Tag Archives: Beto O’Rourke

The 2020 horse race has begun

Candidates say they dislike it. So do journalists who cover these events.

But bet on it! The 2020 presidential campaign/horse race has commenced. The media are all over themselves in covering who’s up and who’s down in the upcoming Democratic Party presidential primary campaign.

MoveOn.org, the left-leaning political action group, now has Texas congressman Beto O’Rourke narrowly ahead in the race to become the Democrats’ next presidential nominee. Former Vice President Joe Biden is right behind him.

Beto’s fans are no doubt going nuts. Fine. Let ’em whoop and holler!

I find this kind of coverage annoying in the extreme. Why?

For starters, Beto O’Rourke’s poll standing doesn’t mean a damn thing. It won’t matter at the end of this week, let alone next week. It could change overnight. These polls are as fluid as running water.
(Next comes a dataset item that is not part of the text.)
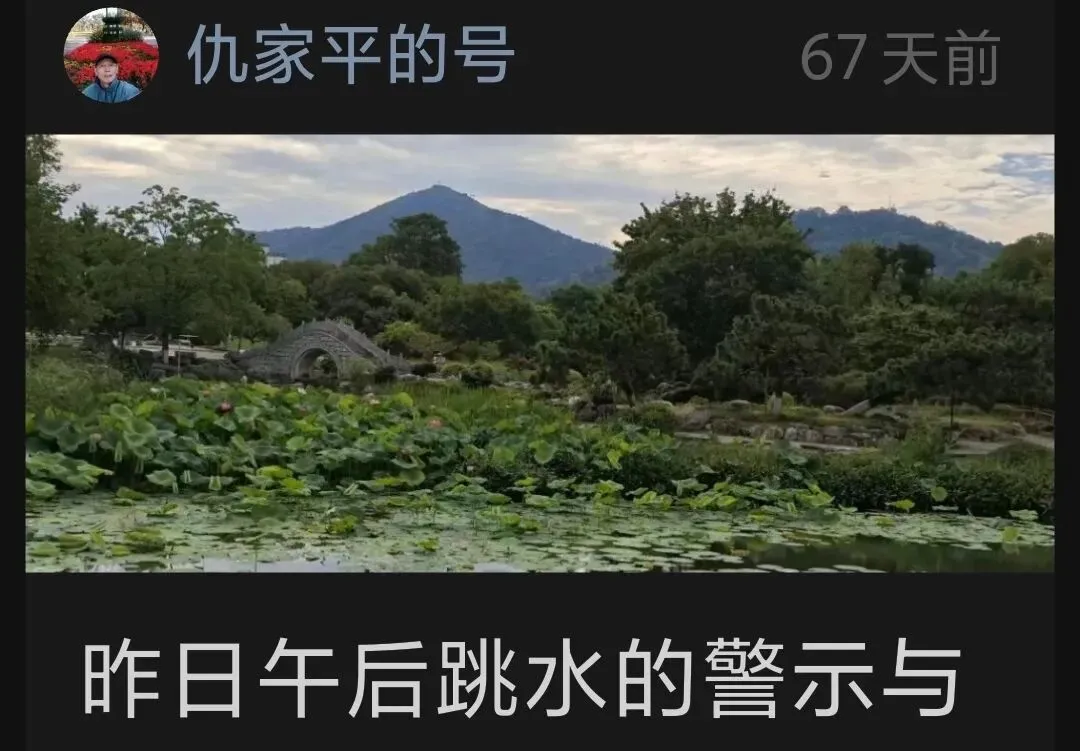 股票市场的收割机,利用了中东战争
The 2016 Republican primary campaign revealed the same kind of shallowness of the media coverage of these issues. The media become fixated on the “horse race” element, not the issues on which the candidates are running.

So it is shaping up for the 2020 Democratic primary campaign.

Beto is up this week. Last week it was Joe Biden. Sen. Kamala Harris might emerge as next week’s media favorite. Then there’s former San Antonio Mayor Julian Castro, who has formed an exploratory committee to assess whether he wants to run for president in 2020.

The media are going to be all over this horse race matter.

I tend to tune this stuff out fairly quickly once the coverage begins. The media — the very people who say they detest this sort of political coverage — are forcing me to close my ears early.

Good news, bad news on Texas midterm election turnout

The Texas Tribune is reporting a classic good news-bad news story as it relates Texas’s voter turnout in the 2018 midterm election.

The good news? Texas is among the nation’s leading states in the increase in voter turnout over the 2014 midterm election. Texans boosted their midterm turnout this year by 18 percent, ranking No. 6 nationally.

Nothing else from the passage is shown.